--- Data section ---
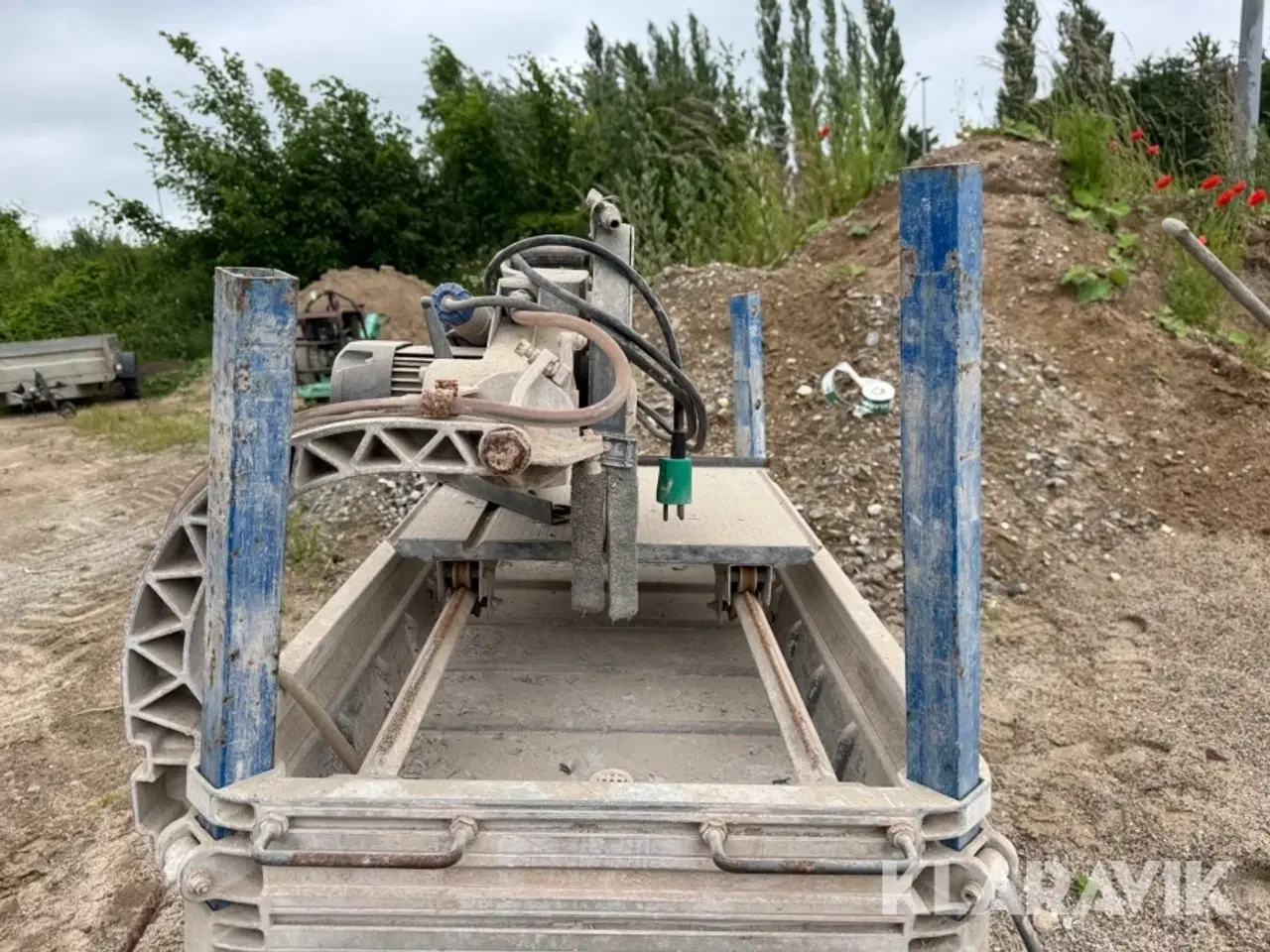 Billede 6 - Skæremaskine Carat T-3510 LASER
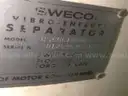 Sweco Mdl. US60C12886 Screener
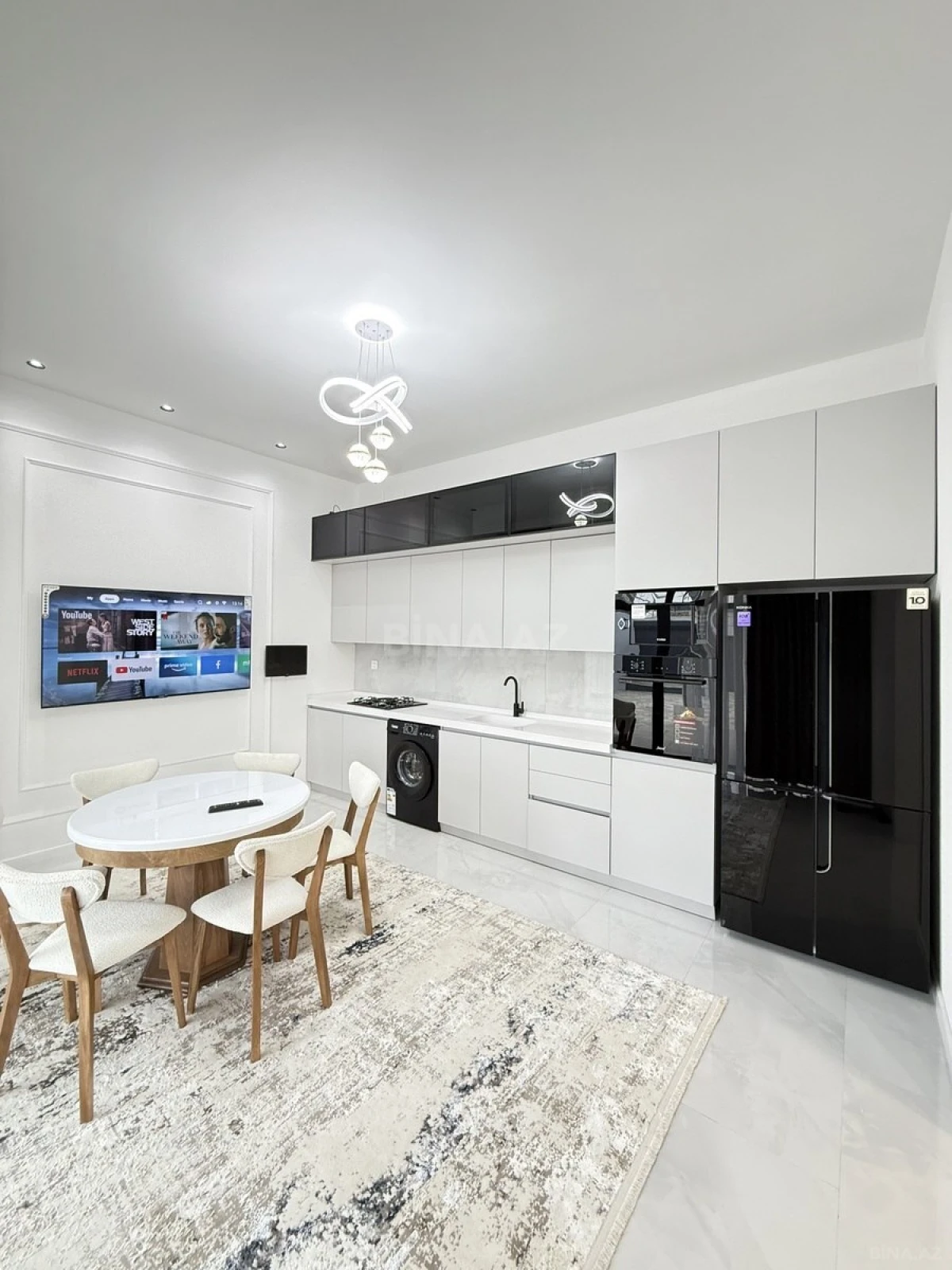 Satılır 4 otaqlı həyət evi 180 m²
---
● **Work to complete**: Find the line with "Sweco Mdl. US60C12886 Screener". Return it and each line after it through the end of the data, exactly, without pictures.

● **Response to the exercise**:
 Sweco Mdl. US60C12886 Screener
 Satılır 4 otaqlı həyət evi 180 m²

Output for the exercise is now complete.